The FBI, which has spent only a few days on the investigation, will not be submitting a conclusion as to who’s telling the truth in the case.


Ford’s attorneys said in a statement Wednesday after McConnell’s action that the FBI supplemental investigation did not include an interview with Ford or others.

“An FBI supplemental background investigation that did not include an interview of Dr. Christine Blasey Ford — nor the witnesses who corroborate her testimony — cannot be called an investigation,” they said. “We are profoundly disappointed that after the tremendous sacrifice she made in coming forward, those directing the FBI investigation were not interested in seeking the truth.”

The FBI supplemental background investigation materials were delivered to the White House Wednesday night, it said in a statement.

Sources briefed on the schedule said Senate Judiciary Committee Chairman Sen. Chuck Grassley, R-Iowa, will be the first to see it at 8 a.m., followed by ranking Democratic member Sen. Dianne Feinstein, D-Calif., at 9 a.m.

The other GOP members on the Judiciary Committee will get it at 10 a.m., and the Democrats on the panel can view the report an hour later.

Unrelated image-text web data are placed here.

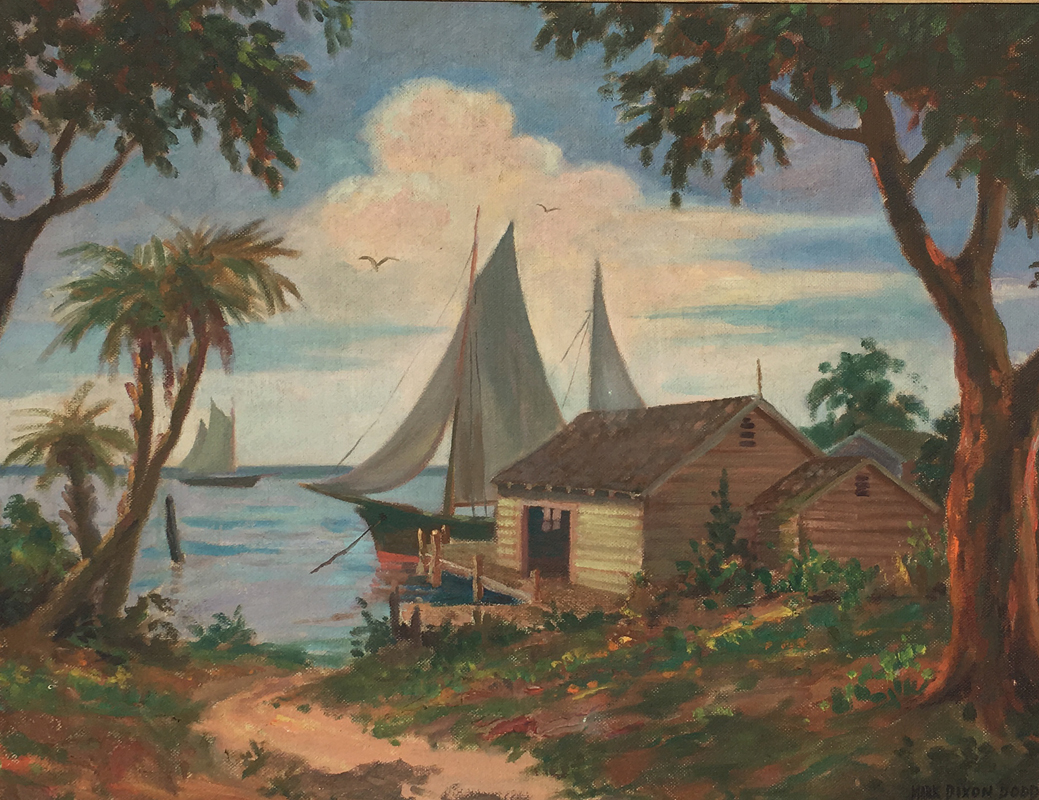 Appraisal: DIXON DODD Mark American - Tropical Waterside Scene with Boats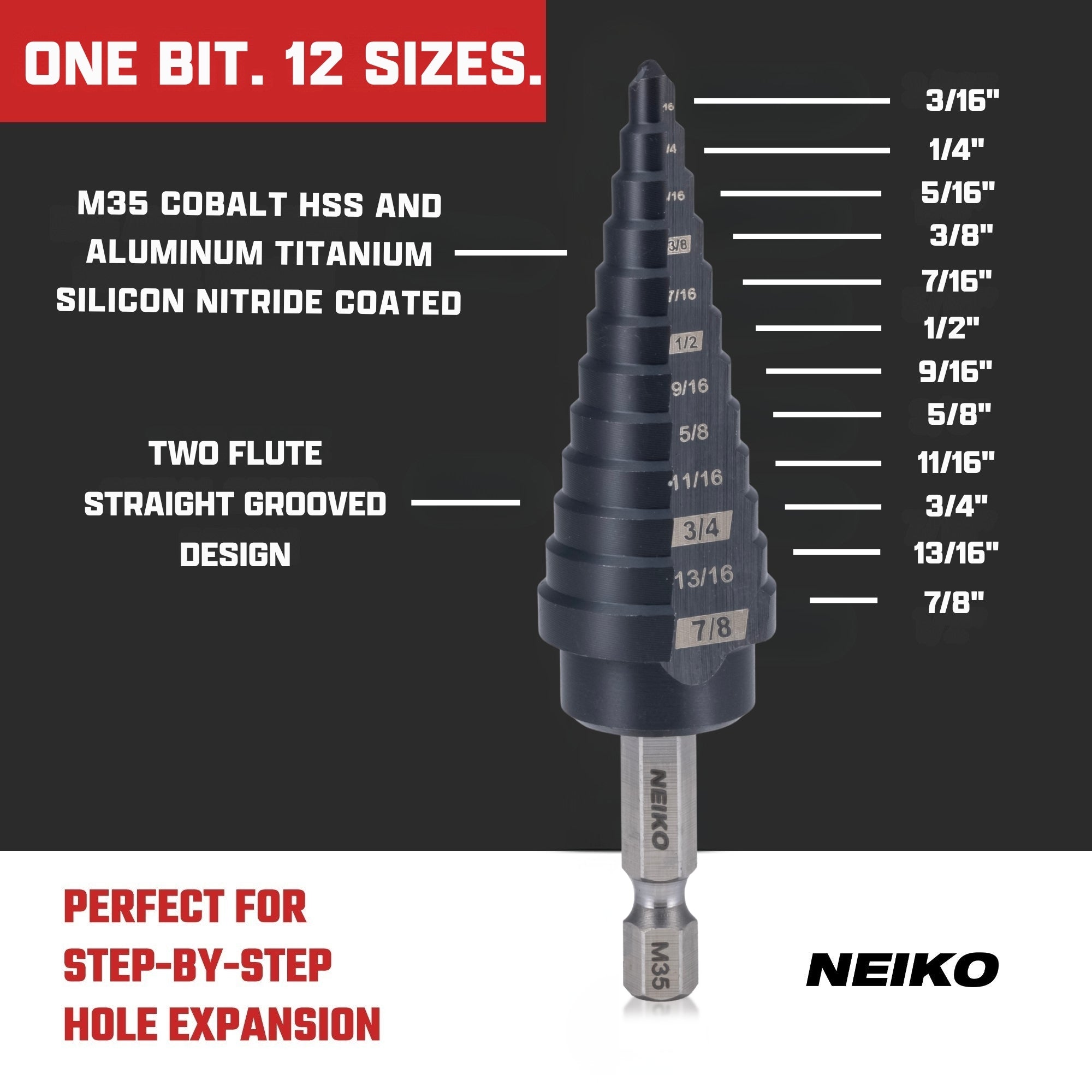 NEIKO 10610B Step Drill Bit, 12 Steps 3/16" to 7/8" Straight M35 Cobalt, AlTiSiN Coated, 1/4" Quick Change Step Bits for Steel, Metal, Wood, Plastic, Unibit Cone Drill Bits, Two Flute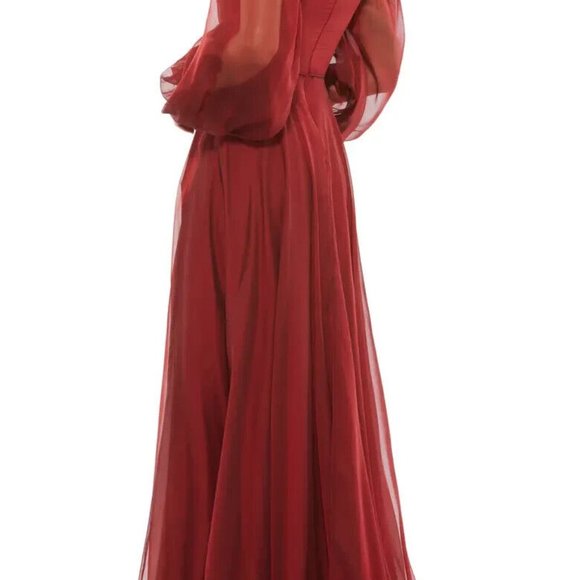 NWOT MAC DUGGAL SHEER BLOUSON SLEEVE SURPLISE GOWN RED 67873 - Picture 5 of 10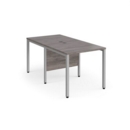Maestro 25 back to back straight desks 800mm x 1600mm - silver bench leg frame and grey oak top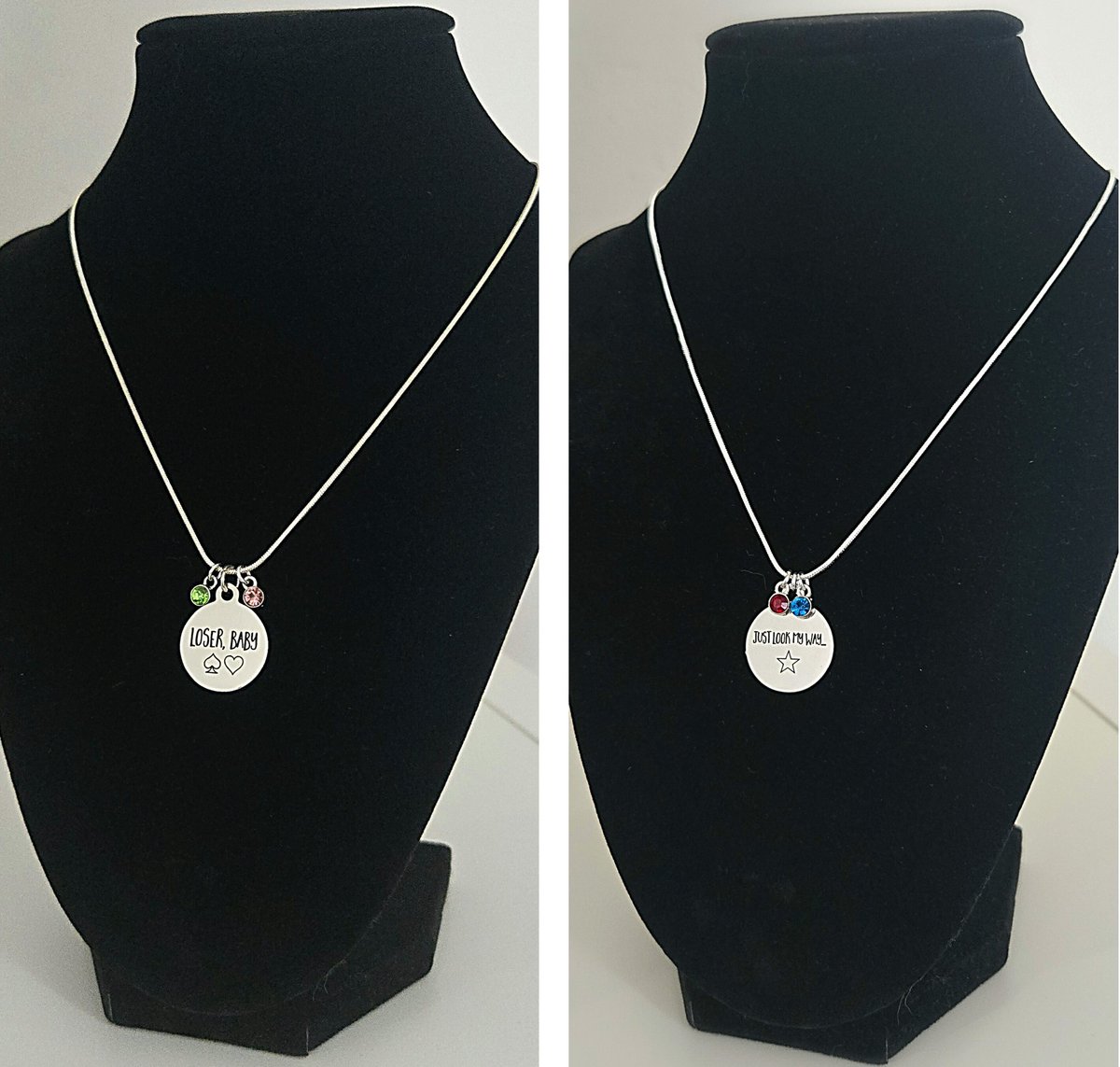 stolitz_37's tweet photo. My HH and HB engraved stainless steele pendant necklaces! Working on some new ideas for bracelets and necklaces 😊✨️ These are available in my Etsy shop if interested!
#helluvaboss #hazbinhotel #hellaverse #loserbaby #justlookmyway #whenIseehim #mastermind #etsyshop https://t.co/6CzUnVyDC9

Others senators will have access to the report afterward.

On the Senate floor Wednesday night, McConnell said it was the seventh time the FBI had looked into Kavanaugh’s background, “and this information comes on top of what has already been one of the most thorough and most exhaustive senate reviews of any Supreme Court nominee in the entire history of our country.”

But questions have been raised about whether limits were placed on the scope of the FBI supplemental background investigation.


More than 40 people with potential information into the sexual misconduct allegations against Kavanaugh have not been contacted by the FBI, according to multiple sources that include friends of both the nominee and his accusers.

President Donald Trump weighed in on the nomination of Kavanaugh Wednesday night, tweeting, “Wow, such enthusiasm and energy for Judge Brett Kavanaugh,” and: “Something very big is happening. He is a fine man and great intellect. The country is with him all the way!”

Trump was criticized after he mocked Ford at a campaign-style rally in Mississippi on Tuesday.